■ Exercise aim
Could you restate the entries below word for word and leave the images out?

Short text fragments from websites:
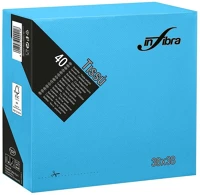 Infibra ALDI0831 Szalvéta 38x38cm türkiz 2 réteg 40 lap/csomag kép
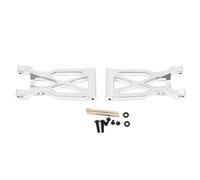 Yurefax 2Pcs Aluminum Alloy Rear Suspension Arm Swing Arms, for Wltoys, for 104001 1/10 RC Car Suspension Arm Link(Silver)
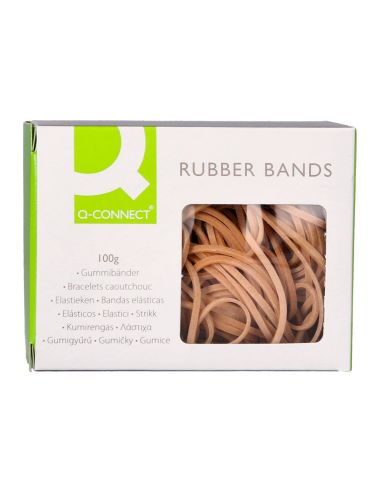 Gomillas Elasticas Q-Connect 100 Gr 150X3 Mm Numero 38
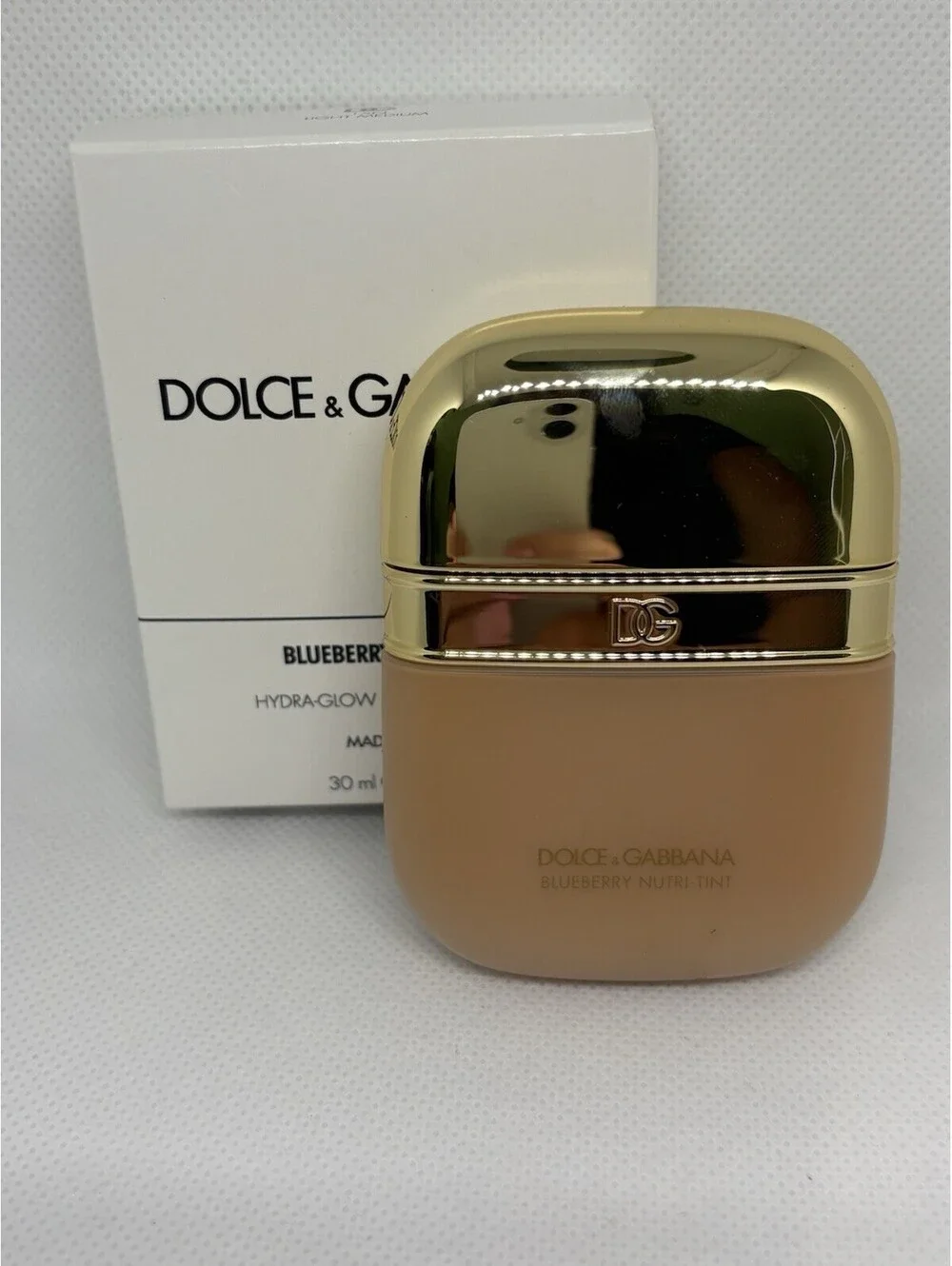 dolce & gabbana blueberry nutri-tint hydra-glow & fresh skin tint 15N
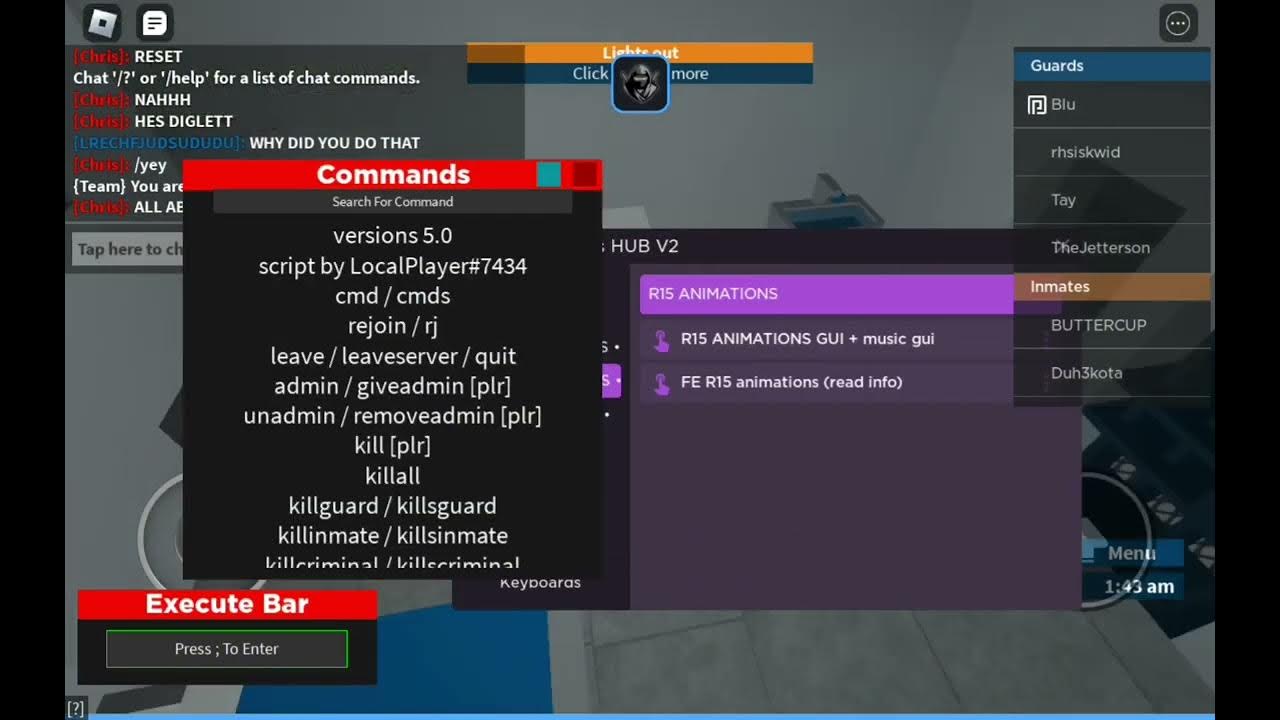 Roblox Fe Script Showcase (Shadow Hub v2) - YouTube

■ Response to the exercise
 Infibra ALDI0831 Szalvéta 38x38cm türkiz 2 réteg 40 lap/csomag kép
 Yurefax 2Pcs Aluminum Alloy Rear Suspension Arm Swing Arms, for Wltoys, for 104001 1/10 RC Car Suspension Arm Link(Silver)
 Gomillas Elasticas Q-Connect 100 Gr 150X3 Mm Numero 38
 dolce & gabbana blueberry nutri-tint hydra-glow & fresh skin tint 15N
 Roblox Fe Script Showcase (Shadow Hub v2) - YouTube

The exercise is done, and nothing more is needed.